Sous l’oeil de Django

C’est un bel après-midi de septembre dans la rue des Rosiers, à Saint-Ouen. À la « La Chope des Puces », Sylvie sert des demis de bière à des consommateurs accoudés à un comptoir de zinc rutilant. Une guitare de jazz trône sur le zinc et d’autres sont exposées dans des vitrines. Les murs affichent les photos en noir et blanc d’un homme brun, souriant sous sa fine moustache. Django, bien sûr.
Dans la salle, un jeune guitariste « gadjo » d’une vingtaine d’années s’essaie à suivre le rythme d’un autre musicien de son âge, à la peau plus mate et au style plus délié.

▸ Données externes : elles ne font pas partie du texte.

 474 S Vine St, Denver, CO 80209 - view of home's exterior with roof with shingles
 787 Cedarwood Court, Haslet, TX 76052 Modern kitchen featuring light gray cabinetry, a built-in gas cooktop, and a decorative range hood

Les clients, des hommes râblés vêtus de blousons de cuir, applaudissent avec indulgence. C’est ici que Thomas Dutronc a fait ses classes.

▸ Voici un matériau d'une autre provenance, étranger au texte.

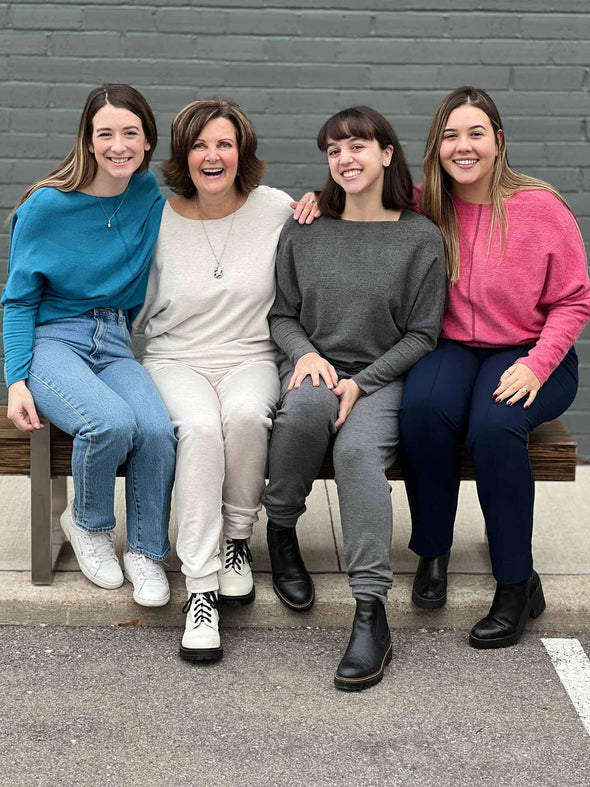 Four women sitting in a bench all wearing all the different colours of Miik's Tully reversible fleece dolman sweater: oatmeal, teal melange, granite and pomegranate melange.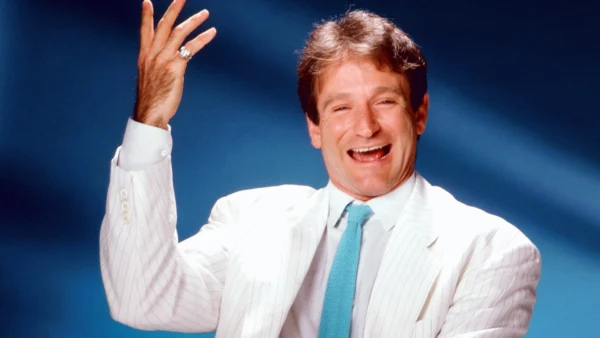 Un joyeux Robin Williams en costume blanc et cravate bleue fait des gestes animés sur un fond bleu. Il semble être en train de rire, levant la main droite dans une pose dynamique.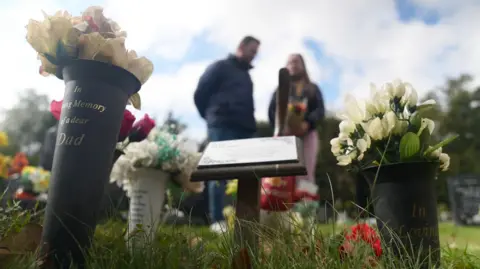 John Fairhall/BBC In the foreground of the picture are several pots of flowers, one with the inscription "In loving memory of a dear dad". In the background a man and woman stand with a bouquet of flowers.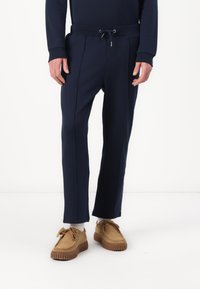 Marineblauwe sweatpants met een trekkoord in de taille, zakken aan de zijkanten en een structuurstof. Heeft rechte pijpen en subtiele stiksels aan de voorkant.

Tous les samedis et dimanches aprèsmidi vient jouer qui veut, ou qui ne craint pas de se mesurer aux redoutables accélérations des guitaristes manouches. Tchavolo Schmitt prend sa guitare et va rejoindre Ninine Garcia, son complice de toujours. La salle se remplit au fil des morceaux, Sylvie n’a plus assez de ses deux bras pour servir les verres. À sept heures moins le quart, Tchavolo et Ninine se déchainent sur un « Minor Swing » d’anthologie, la salle suspend son souffle, les doigts de Tchavolo courent sur les cordes, la musique déferle. L’émotion jaillit, elle donne des frissons dans l’échine. Les musiciens ralentissent leur locomotive infernale, s’arrêtent à bout de souffle, en sueur. Un grand silence. Puis les applaudissements explosent.
Quand on lui demande ce qui le fascine tant chez les « Gitans », Thomas Dutronc répond : « C’est d’abord Django. » Et puis, il aime « cette philosophie du voyage qu’ont les Manouches : aller ailleurs pour rencontrer l’autre ». Nous sommes nombreux à tenter ce voyage. Il ne finira jamais.